大量の放射線を浴び、9月15日にダリアンは死亡しました。
スローティンは1946年5月21日、同様の事故で臨界状態となりました。
すぐに球を持ち上げて床に落とし反応を終わらせたため、近くにいた同僚7人は助かりましたが、スローティンは9日後の30日に死亡しました。
マンハッタン計画の内容
サイエンスフィクションの作家、H.G.ウェルズは、1914年の小説「解放された世界」で原子爆弾を使用し、空中砲撃と壊滅的な世界戦争を予測しました。
それが現実となったのがマンハッタン計画です。
プロジェクト施設と予算、規模
マンハッタン計画では、13万人の労働者を雇用し、第二次世界大戦の終わりまでに22億ドル(2015年で約260億ドル)の費用がかかりました。
しかし、かかった年月は4年もなく、多くはテネシー州オークリッジとワシントン州ハンフォードの広大な施設で行われました。
ニューメキシコ州ロスアラモスは、マンハッタン計画の主要原子爆弾科学研究所のコード名であるプロジェクトYのサイトに選ばれました。
ロバート・オッペンハイマーは、ロスアラモス国立研究所の所長を務め、原子爆弾を設計したプロジェクトYを担当しました。
秘密のロスアラモス拠点の唯一の郵送先は、ニューメキシコ州サンタフェにある郵便局、ナンバー1663でした。
オークリッジとハンフォードは、核分裂連鎖反応を起こし、原子爆弾の破壊エネルギーを放出するのに必要な量のウラン235とプルトニウム239を得るために使用されました。
核実験「トリニティ」
皮肉なことに、原子爆弾の製造に携わった科学者の多くはドイツから亡命してきていました。
マンハッタン計画のリーダーを務めたロバート・オッペンハイマーは、「原爆の父」と呼ばれていますが、彼はニューヨーク生まれのユダヤ系アメリカ人の物理学者で、父親がドイツ生まれです。
1945年7月16日、人類至上初の核実験「トリニティ」がニューメキシコ州で行われました。

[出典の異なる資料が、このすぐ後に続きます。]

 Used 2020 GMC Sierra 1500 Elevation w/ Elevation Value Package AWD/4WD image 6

人類最初の原子爆弾のコードネームは「ガジェット」です。
この実験の後、ロバート・オッペンハイマーは、ヒンドゥー教の詩篇バガヴァッド・ギーターの一節
「今や我は死なり、世界の破壊者なり」
を思い出したそうです。
こちらの動画でオッペンハイマー氏自身が語っているのを見ることができます。
彼の目が、後悔を語っているように見えるのは私の思い込みでしょうか…。
原子爆弾のタイプとコードネーム
第二次世界大戦中に開発された原子爆弾のタイプは2つです。
比較的シンプルな砲身型の核分裂兵器で、ウラン235を使うものと、より複雑な爆縮型です。

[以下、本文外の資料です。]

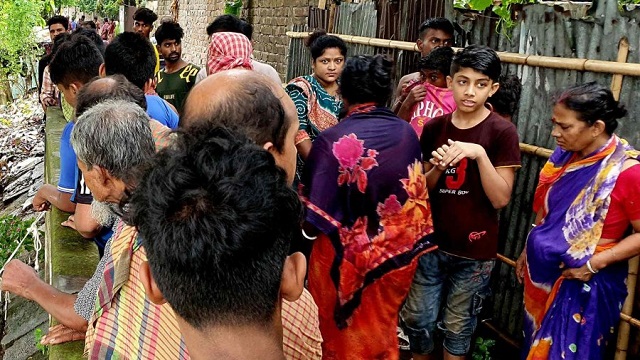 তিতাসের পাড়ে যুবকের মরদেহ, পকেটে চিরকুট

原子爆弾には4つの異なるサイズのケーシングが作られ、
- ガジェット
- ファットマン
- シンマン
- リトルボーイ
のコードネームが与えられました。
爆弾のコードネームは、マンハッタン計画に取り組んでいた米国の物理学者ロバート・セルバーが考えました。
セルバーは、マンハッタン計画中に作られた原子爆弾のデザイン形状に基づいて名前を決めました。

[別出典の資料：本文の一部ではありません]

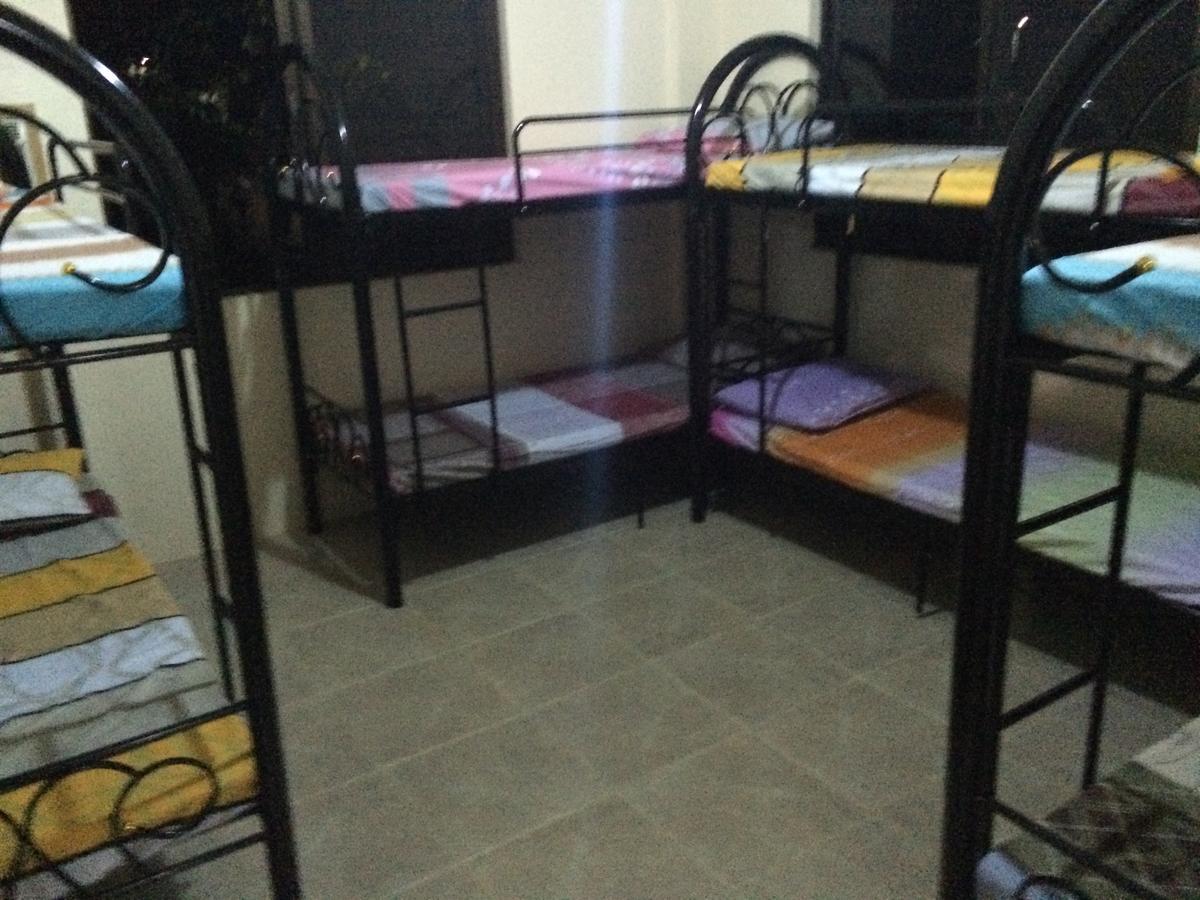 كورون Fat Monkey Hostel المظهر الخارجي الصورة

「ファットマン」は丸型で太っていて、映画「マルタの鷹」のシドニー・グリーンストリート演じるキャラクターにちなんで名付けられました。
イギリスの首相、ウィンストン・チャーチルを表していると見られていました。
「シンマン」は長くて薄い装置で、名前はダシール・ハメットの探偵小説「The Thin Man(影なき男)」から取られました。
ルーズベルト大統領を表していると見られていました。
「シンマン」は長さ5.2m、幅97cm、中域58cmの、プルトニウム砲身型核爆弾でした。
しかしプルトニウムを使った砲身型爆弾が実用的でないことが分かり、科学者は「シンマン」を放棄しました。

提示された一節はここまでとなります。